Bayern Munich have recruited the football professor they were looking for, but new coach Louis van Gaal will be expected to get top marks from his first day in charge on July 1.
Since former trainer Jurgen Klinsmann was sacked after only ten months in charge, Bayern chairman Karl-Heinz Rummenigge had been scouring the continent for a top-level, German-speaking coach to help re-establish Bayern in Europe.
The English media claimed Arsenal coach Arsene Wenger was approached, but there was little realistic chance of the Frenchman relinquishing control at the north London club.
Van Gaal led AZ Alkmaar to the Dutch championship and finally won the title on April 19, while just eight days later Klinsmann was sacked by Bayern following dismal results including an unacceptably early Champions League exit.
Barcelona’s 4-0 mauling of Bayern in Spain and subsequent quarter-final defeat was the beginning of the end for Klinsmann.
For Van Gaal, a Bundesliga title will be the minimum level of success expected next season with Bayern hungry for their first Champions League crown since 2001.
“FC Bayern is a dream club for me,” said Van Gaal who has been famously quoted as declaring: “I am the best” after guiding Alkmaar to the title.
But Van Gaal will be expected to prove just that and hit the ground running at a club where failure is not an option – Klinsmann was sacked with his side third in the league and contending for the title.
“There’s a completely different mindset here at Bayern,” admitted goalkeeper Hans-Joerg Butt who reached the Champions League semi-final with Bayer Leverkusen in 2002.
“The entire club is geared towards success, trophies are all that count. You’re expected to win the league and every match, you’re not allowed slip-ups.”
Having steered Ajax to the Champions League title in 1995, the fiery Van Gaal has a wealth of experience having led the giants from Amsterdam to consecutive Dutch titles between 1994, 1995 and 1996.
Under his steerage, players such as Clarence Seedorf, Edgar Davids, Patrick Kluivert and Marc Overmars developed into world stars.

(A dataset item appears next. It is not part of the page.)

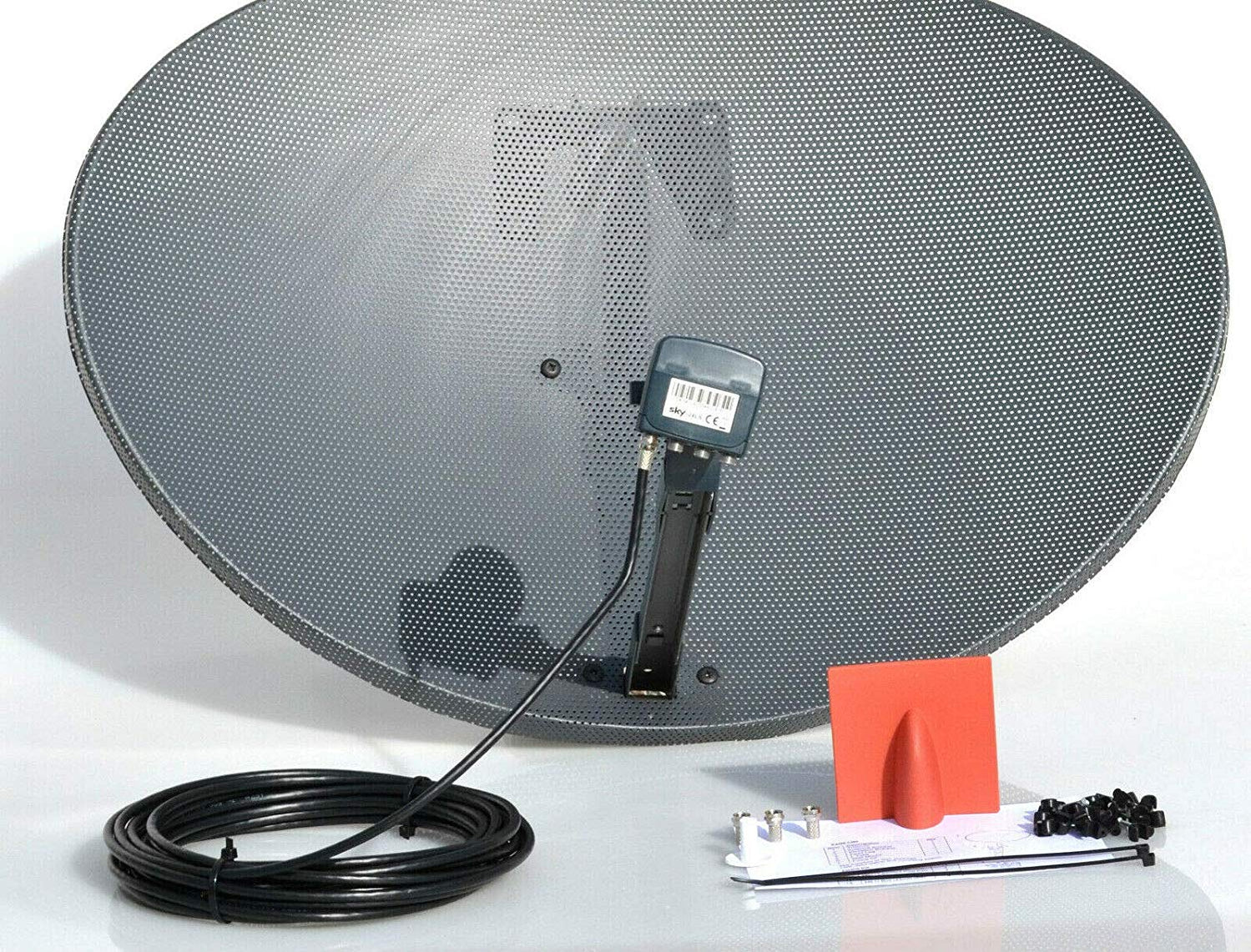 Viewi 80CM Zone 2 Freesat HDR Satellite Dish DIY Self Installation Kit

In 1998 and 1999, he also won La Liga with Barcelona before taking charge of the Dutch national side in 2000, but failure to lead them to the World Cup finals in 2002 meant he was replaced by Dick Advocaat.
Then followed brief spells back at Ajax and Barcelona, before he joined AZ in 2005 which culminated in Alkmaar winning the Dutch title just after their decisive 28-game undefeated run was brought to an end.
“You don’t find a player with anything negative to say about him,” said Bayern’s Dutch captain Mark van Bommel.
While Klinsmann was an innovator who brought language classes and buddhist statues to Bayern’s training centre, Van Gaal is a strict disciplinarian.
“Discipline is the basis for creativity,” has long been his mantra.
“I don’t want the best eleven players, I want the best eleven as a team.”
Van Gaal is not afraid to break his own rules.
After failing to lead Holland to the 2002 World Cup finals, he took a break from coaching, but when he took the Alkmaar job in 2005 he later abandoned his prefered 4-3-3 formation for a 4-4-2 approach.
As the Guardian wrote: “By relinquishing his former belief system and marrying it to a more modern approach, Van Gaal has, with AZ, reinvented Total Football. Call it Total Football 2.0, if you will.”
It worked and Alkmaar shocked both themselves and the Dutch league by going 28 games unbeaten – leaking just 22 goals all season – on their way to the title.
Only for the fourth time in the league’s history has a club other than Ajax Amsterdam, PSV Eindhoven or Feyenoord Rotterdam been crowned champions of Holland.
But while expectations have been low at Alkmaar, Van Gaal will be expected to bring more silverware to the German giants and nothing less than yet another Bundesliga title in the 2009/10 season will be good enough.